DryvIQ's Classification Entity Types

Learn about the information each classification entity type identifies.

On This Page

Overview Content Signature Document Type File Metadata Signature File Name Form Matcher Language Detection Microsoft Purview Information Protection PII Extraction Module Sensitive Object Detection Supported Image Types TIFF Image Types

Overview

A classification entity type is a custom classification model plugged into the DryvIQ Platform. You can add an entity type to a policy to have the policy find the associated information, and you also have the option of uploading files against an entity type to see if the corresponding information appears in the file. (Refer to Uploading Samples to learn how to upload individual files for analysis against any entity type.) DryvIQ has the following preinstalled classification entity types.

Content Signature

The content signature is a unique identifier generated based on the file contents. The Content Signature entity type can identify the signature for a given document, which can help identify duplicate data. While this entity type was added as part of the duplicate detection for content scans, you can upload samples against it to identify the content signature.

Document Type

The Document Type Classifier is an AI classifier trained to identify and classify documents as one of 188 document types. You can also upload individual documents to the classifier, which will determine the document type and provide a confidence score.

Some documents are categorized into groups. When a document matches one of these types, the group name will be displayed rather than the individual document type. Use the link below to download and review a complete list of the document types DryvIQ will identify.

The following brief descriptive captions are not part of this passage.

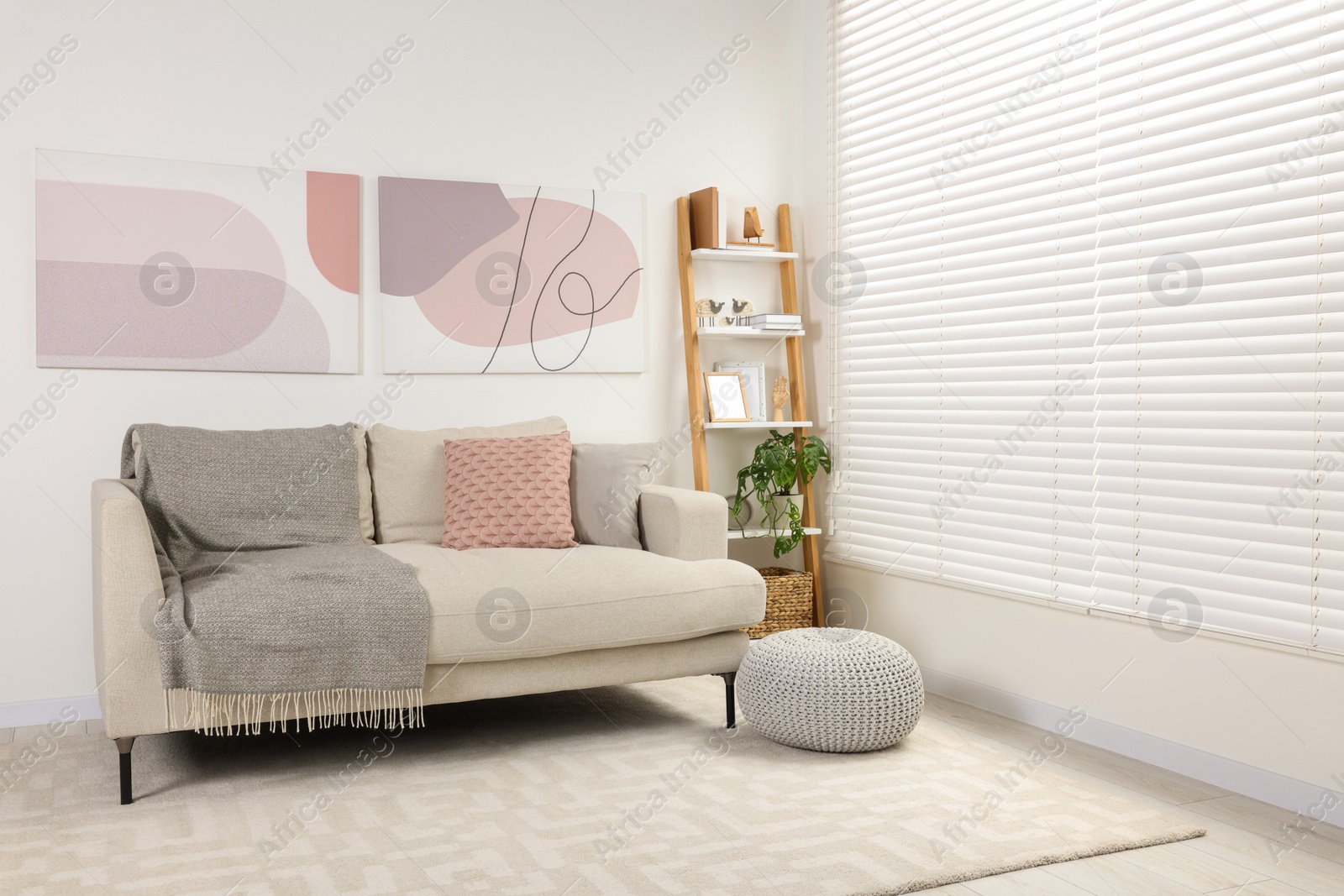 Photo of Stylish room interior with comfortable sofa, wooden shelf and pillows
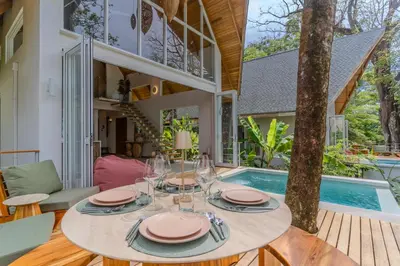 a dining room with a table and chairs and a pool at Casa Solana - Modern House with Ocean Views in Santa Teresa Beach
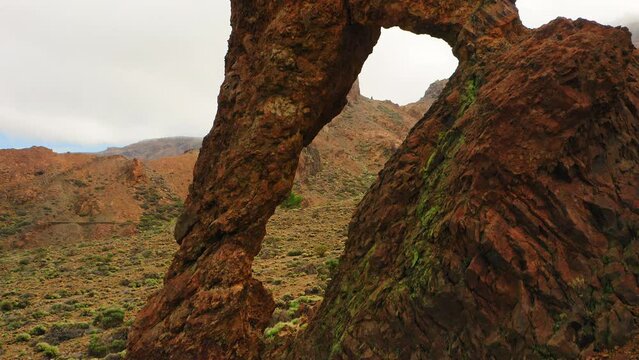 Queen Shoe. Geological feature in Teide National Park. Tenerife, Spain. Hole in mountain rock formation. Volcanic deserted hiking area. Canary Island.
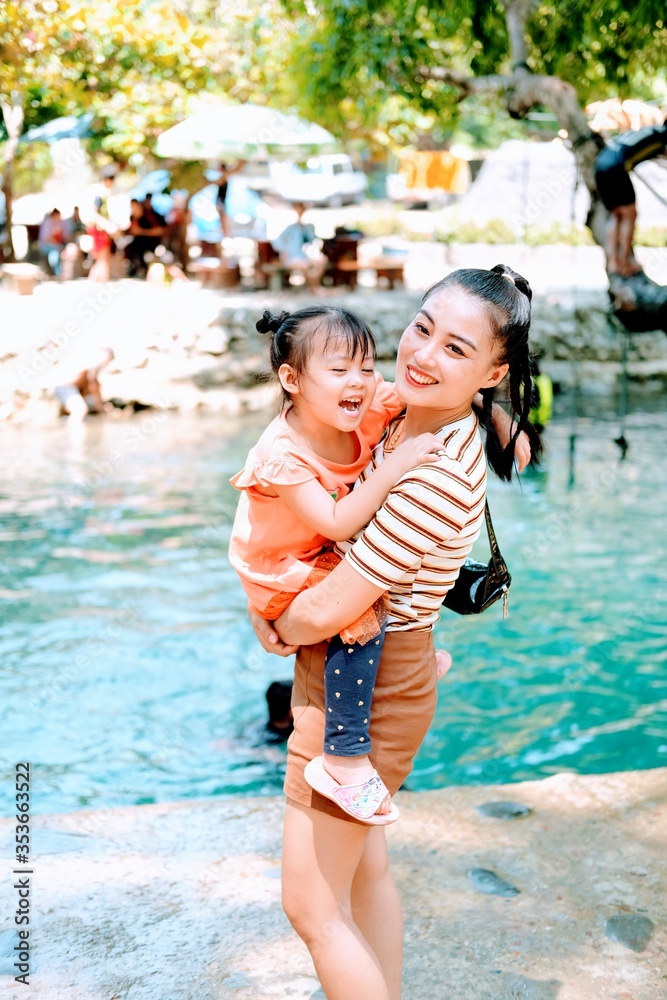 Fototapeta premium happy family having fun on the blue lagoon Vangvieng Lao pdr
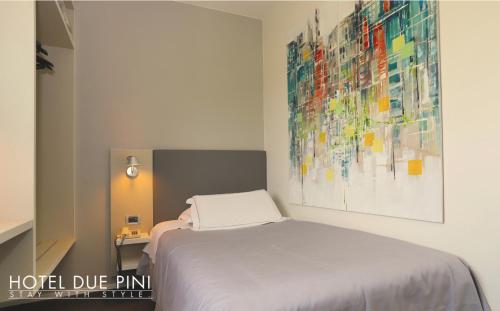 Postel nebo postele na pokoji v ubytování Hotel Due Pini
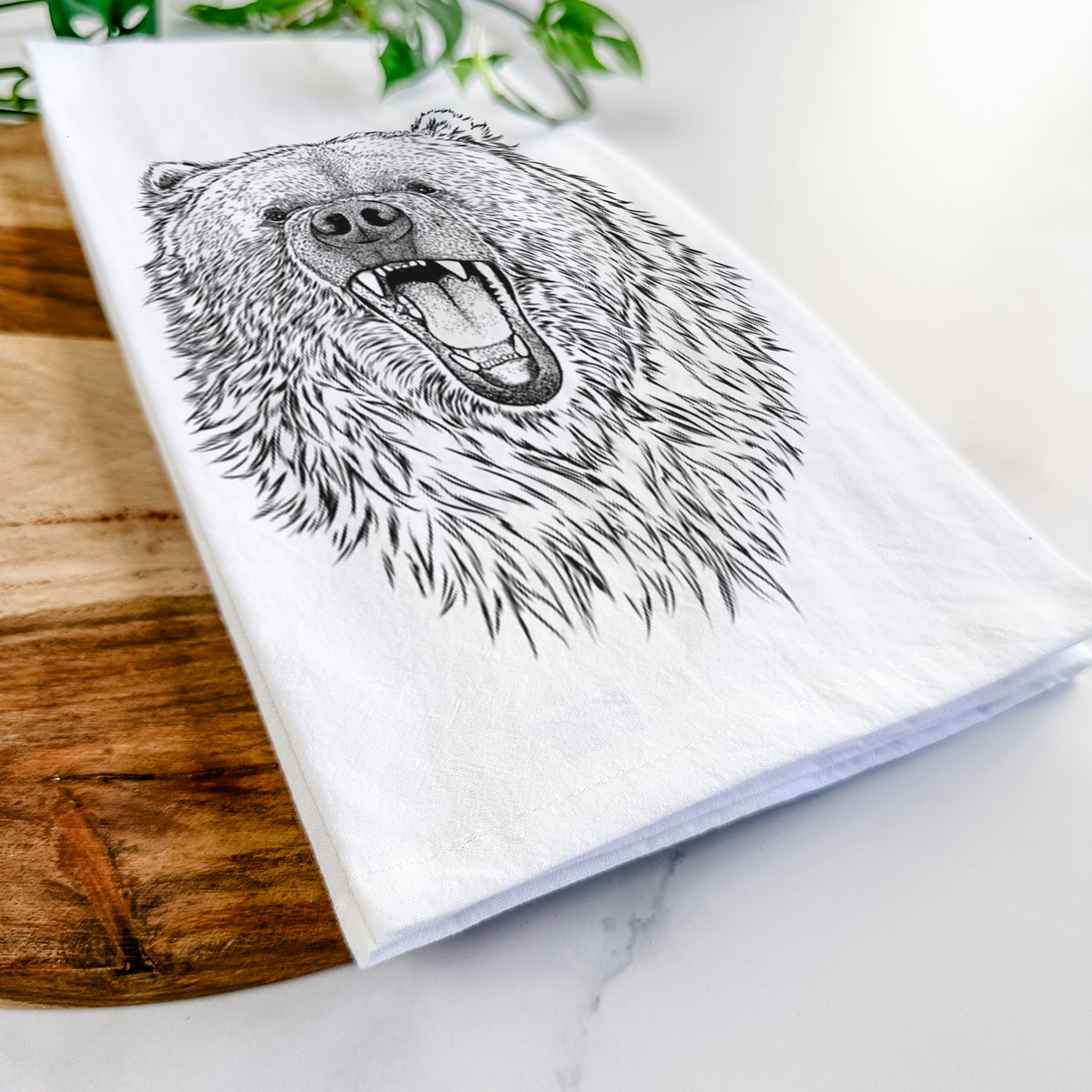 Close-up of a folded white tea towel on a wooden board, showing a detailed black ink portrait of a roaring Kodiak bear facing forward.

⤓ Download the Document Classifier List

File Metadata Signature

The file metadata signature is a unique identifier generated based on the file name and size. The File Metadata Signature entity type can identify a document's file metadata signature, which can help identify duplicate data. While this entity type was added as part of the duplicate detection for content scans, you can upload samples against it to identify the file metadata signature.

File Name

The File Name Classifier is an AI classifier trained to identify and classify a document as one of almost 700 document types based on the file name. You can also upload individual documents to the classifier, and it will identify the document type and provide a confidence score. Use the link below to download and review a complete list of the document types DryvIQ will identify.

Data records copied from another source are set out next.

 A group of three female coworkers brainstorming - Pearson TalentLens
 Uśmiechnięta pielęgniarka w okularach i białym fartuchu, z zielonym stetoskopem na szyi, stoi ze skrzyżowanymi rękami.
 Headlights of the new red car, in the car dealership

⤓ Download the File Name Classifier List

Form Matcher

The Form Matcher is an AI classifier trained to identify and classify a document as one of over 6000 government and other commonly used organization forms. The Form Matcher can match a “query” document to an indexed one. It attempts to match the query document against all indexed documents and returns the indexed document with the highest similarity score between it and the query document. When you upload a file against the matcher, DryvIQ will include the confidence level for the matched form. The list of forms is too extensive to include on this page, but you can download the complete list using the link below.

⤓ Download the Forms Matcher List

Language Detection

Language Detection is an AI classifier that will identify the language of a document. It currently detects 176 languages. When you upload a file against the module, DryvIQ will also include the confidence level for the detected language. Use the link below to download the completed list of languages DryvIQ will identify.

⤓ Download the Language Detection List

Microsoft Purview Information Protection

The Microsoft Purview Information Protection extension allows you to identify the Microsoft Purview Information Protection (MPIP) security labels applied to content. This extension requires you to register an application in your Microsoft Azure account to obtain the Application (Client) ID and Directory (Tenant) ID required to allow DryvIQ to access the security labels through the Microsoft Purview Information Protection Sync Service. Refer to “Microsoft Purview Information Protection Classifier Extension” for more information.

PII Extraction Module

The Personally Identifiable Information (PII) Extraction Module is a pre-trained AI model that can reliably identify and extract PII elements in unstructured data. You can also upload individual documents to the classifier, and it will identify any PII found in them and provide a confidence score. Use the link below to download a list of the PII types DryvIQ detects.

⤓ Download the PII Extraction List

Sensitive Object Detection

Sensitive Object Detection is trained to identify and classify images of sensitive data, such as identification cards, fingerprints, license plates, etc. You can also upload individual documents to the classifier, and it will identify any images of sensitive information. If an image contains multiple sensitive objects, all items will be identified. For example, if the document includes an image of a driver’s license, the scan will identify both the ID card and signature as detected sensitive objects. Use the link below to download the list of sensitive objects DryvIQ will identify.

⤓ Download the Sensitive Object Detector List

Supported Image Types

BM
BMP
GIF
ICB
JFIF
JPEG
JPG
PBM

PDF
PNG
TGA
TIFF (See note below.)
VDA
VST
WEBP.

TIFF Image Types

A TIFF is a complex image file made up of multiple parts; therefore, DryvIQ cannot scan all TIFF files for various reasons. DryvIQ will log an error in the Activity Log if it identifies a TIFF file but can’t scan it.